Von den Mannschaften, die am ersten Spieltag verloren, haben immerhin drei am zweiten Spieltag gewonnen. Das entspricht der Fähigkeit, im Spiel nach einem 0-1 wieder zurückzukommen, nach einem schlechten Start für den Ausgleich zu sorgen. Bei Fürth kam der Sieg durch den Glücksschuß eines Spielers aus der eigenen Jugend zustande, unverdient war er nicht. Bremen bediente sich nervenstark beim Lieblingsgegner HSV, Leverkusen ersetzte die Leichtfertigkeit gegen Frankfurt durch konsequentes Nachsetzen.
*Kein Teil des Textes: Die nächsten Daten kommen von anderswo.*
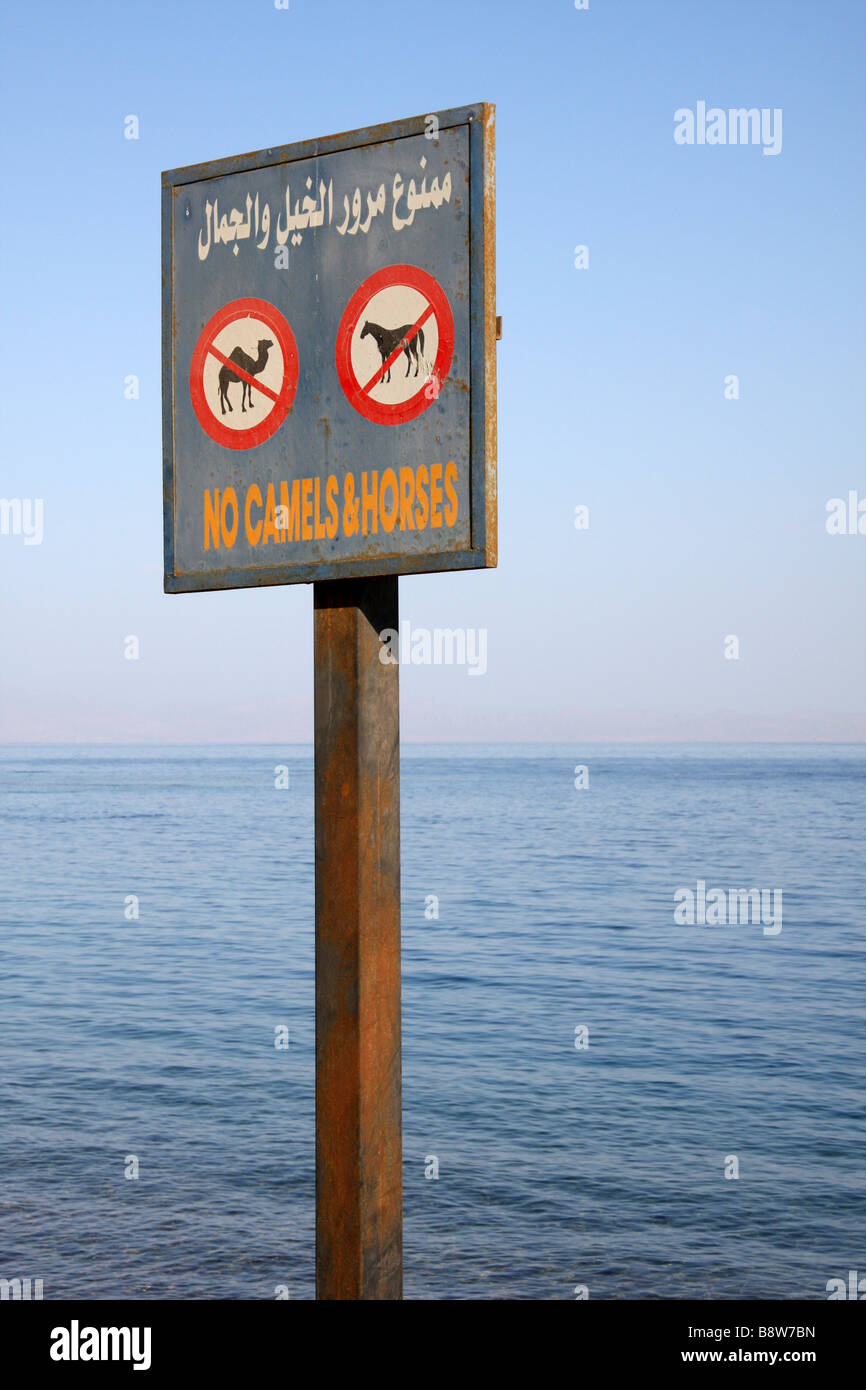 Divertente segno che vieta cammelli e cavalli sul lungomare di Dahab, Egitto Foto Stock
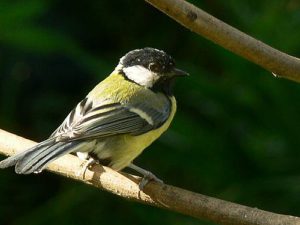 Great Tit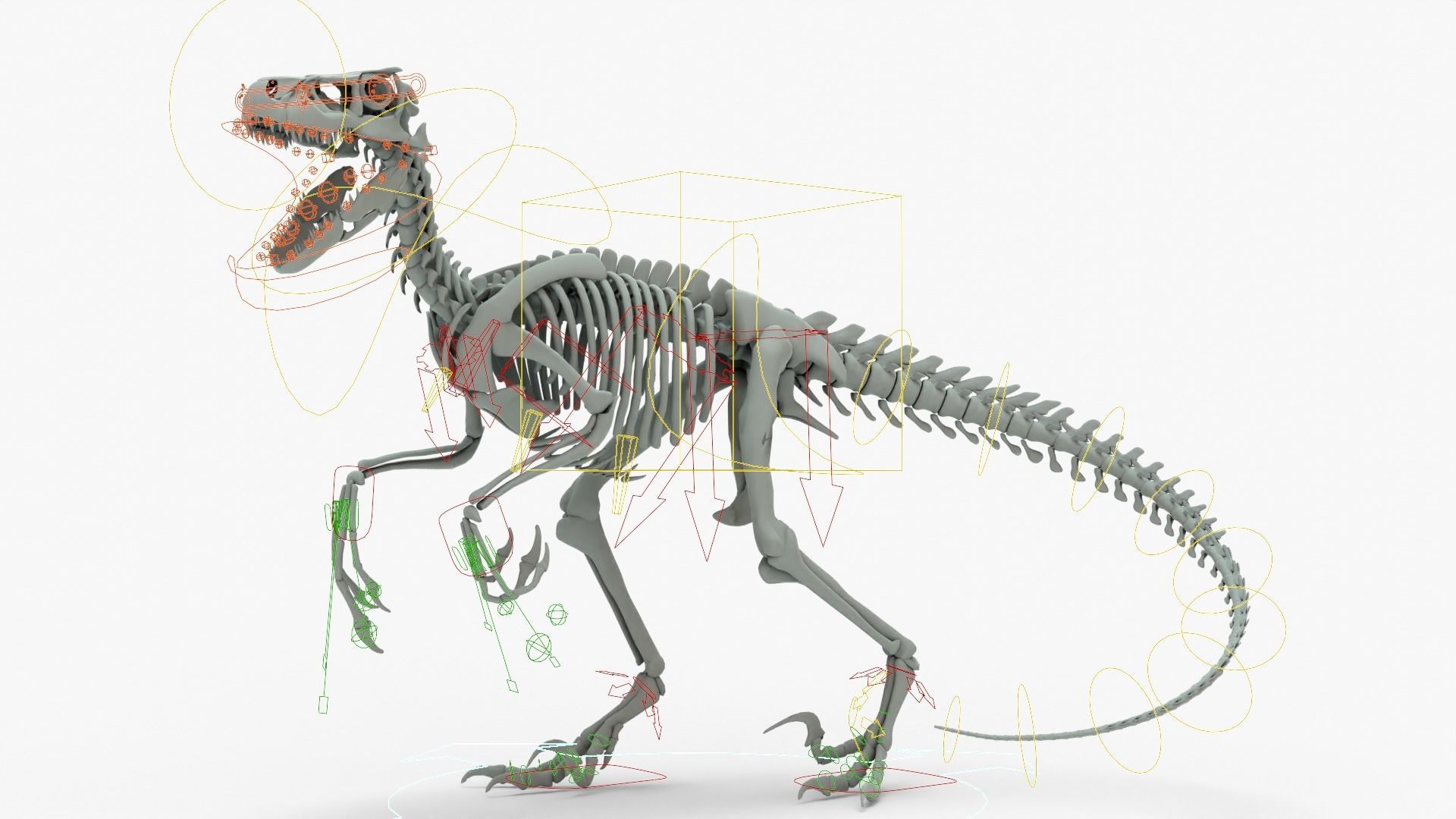 Atrociraptor Rigged Basemesh With Skeleton 3D Model Collection_20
Weiterhin punktlos sind wenig überraschend der HSV, ein wenig überraschend Augsburg und Hoffenheim und ziemlich überraschend Stuttgart. Dass ausgerechnet der solide arbeitende VfB am Tabellenende stehen, ist ein wenig tragic für Bobic. Gegen Wolfsburg unglücklich verloren, von den Bayern sauber abgefieselt, fertig ist der Fehlstart. Wenigstens können sie sich mit der Europa League trösten.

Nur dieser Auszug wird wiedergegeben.